At stake are God's eternal and final purpose, writes one commentator, "and the titanic conflict between God and the powerful spiritual forces arrayed against him--a purpose and a conflict that come to focus in the history of redemption" and to fruition in the drama of salvation. Come what may, come to grips with that!

"Here (v 3) Paul asserts that, through their union with the exalted Christ, Christians have already been made beneficiaries of every spiritual blessing that belongs to and comes from the heavenly realm." Christ, having been elevated to that realm and seated over all other entities, "rules over all for the sake of the church. Those who have been 'made alive with Christ' share in Christ's exaltation and enthronement in heaven" (Concordia Self-Study Bible).

Praise be to God our Father and our Lord Jesus Christ! "For he chose us in him before the creation of the world" (v 4). Our divine election from all eternity by God's sovereign, dynamic, proactive choosing is underscored here in our text in the Apostle Paul's very word choice and grammatical progression.

First, God the Father appointed us in Christ to be Christ's and His own, to be one with them where they are, before the world's foundation.

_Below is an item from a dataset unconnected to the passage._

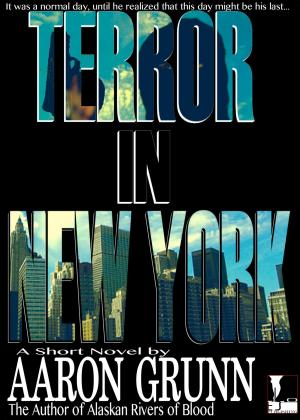 Cover of Terror in New York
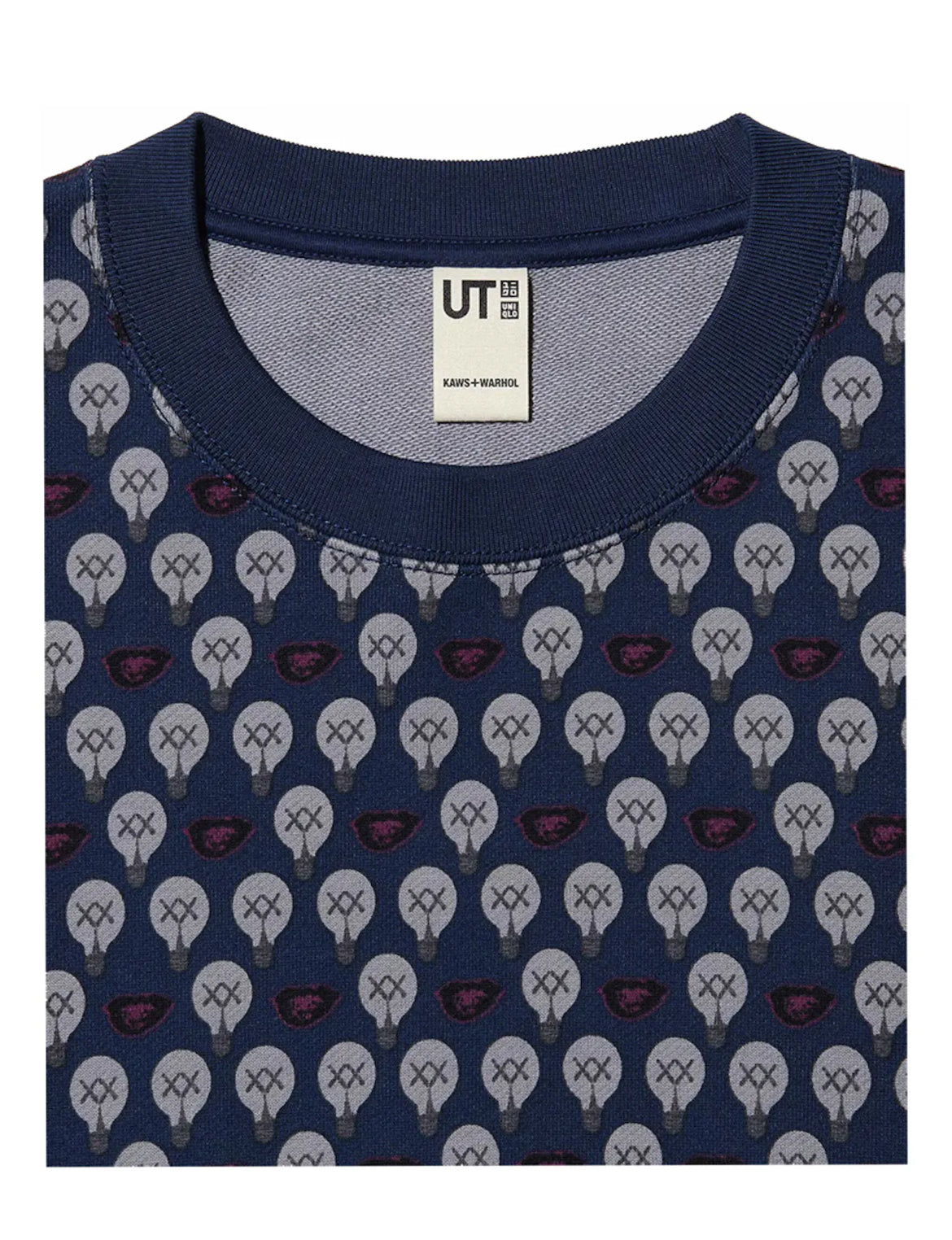 Kaws x Warhol Sweatshirt Navy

It is for this that Jesus prayed on the night he was betrayed, "Father, I want those you have given me", those who have believed, those who do believe and those who ever shall through the message of the apostles and prophets, to be one through this means, one with the Father and Son and one with one another in them, just as the Father and Son are one with each other and them.

But this is more than a wish. It is His will! "Father, I will that those you have given me be with me where I am, and see my glory," the glory of the sole-begotten One who is one with the Father before all worlds, God of God, Light of Light, very God of very God, begotten, not made, "who came from the Father, full of grace and truth."

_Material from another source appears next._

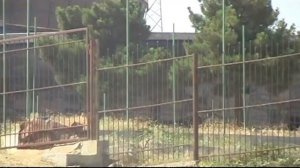 Тбилисское море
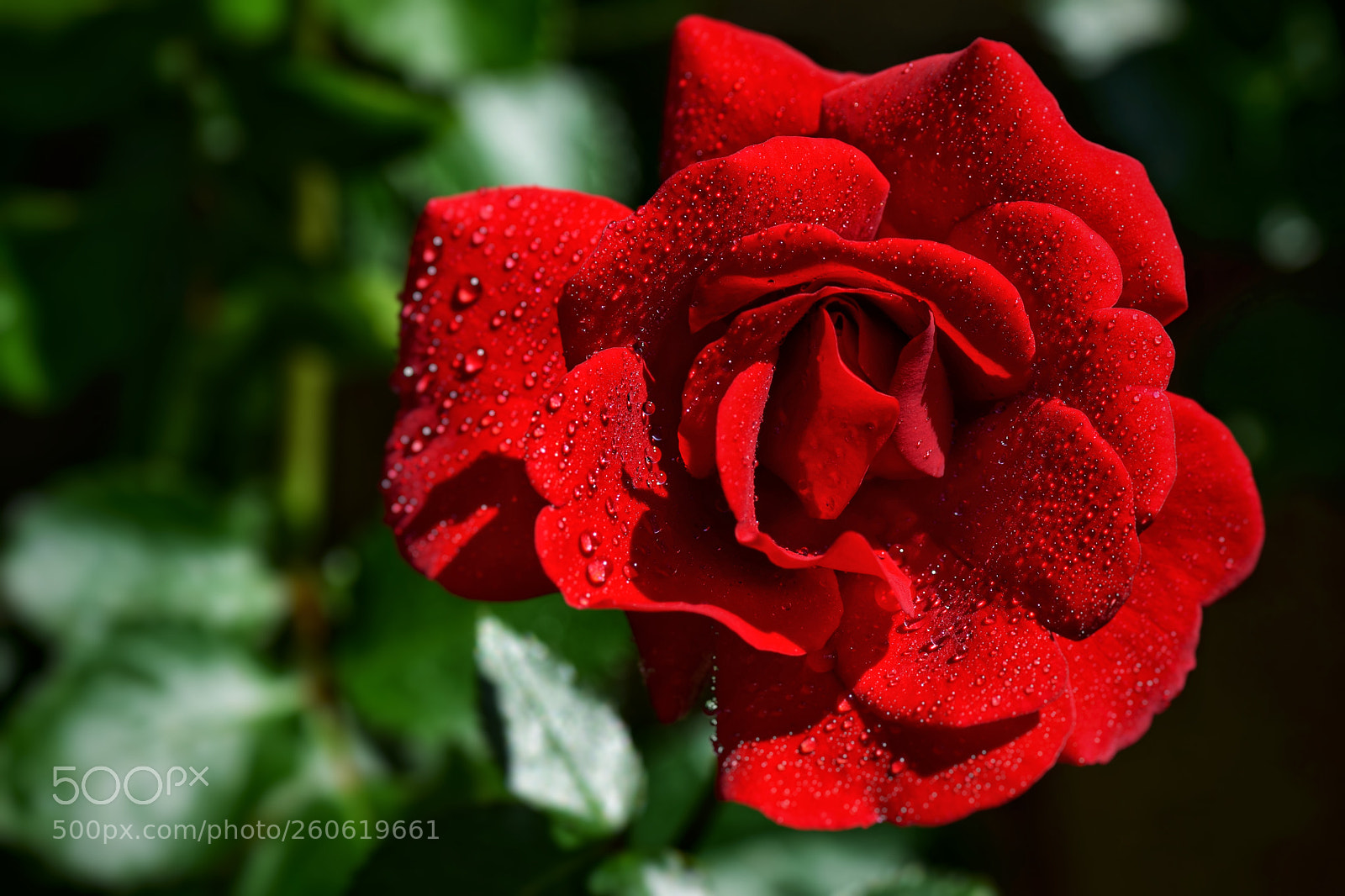 Nikon D5300 sample photo. Rose photography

Oh, to see that glory, the glory the Father has given His Son because He loved Him before the world began--to bask in it and share it because in Him He has given us a share, because He willed it, He who before His Passion prayed, "not My will, Father, but Thine be done"! Because it is His last will and testament bequeathed to us and we are His beneficiaries and heirs, it is done! Share and share alike.

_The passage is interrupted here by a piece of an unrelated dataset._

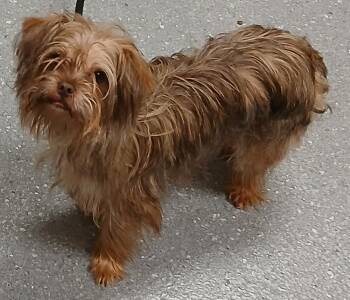 Toto -  Yorkshire Terrier Dog for Adoption in Greenfield, Indiana - Toto | PetCurious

From the utter fullness of His grace we have received grace upon grace. All of us have, have-nots no longer. Praise be multiplied! Before the world came to be, God the Father chose us in God His Son "to be holy and blameless in his sight."

And don't forget how we came to be this way. To paraphrase Paul's words in chapter 5, Christ so loves us as His bride that He gave Himself up for us to make us holy, cleansing us by the washing with water through the Word to present us to Himself as a radiant bride, stain-free and wrinkle-free and without any other blemish, but holy and blameless.

And, lest we get the big head from being holier than thou or despair because we know only too well that of ourselves we are anything but holy and blameless or even stain-free and wrin-kle-free but badly in need of a spot remover and a permanent press, let us recall--and in recollecting, rejoice--that holiness and blamelessness are the fruit, not the basis, of God's choosing.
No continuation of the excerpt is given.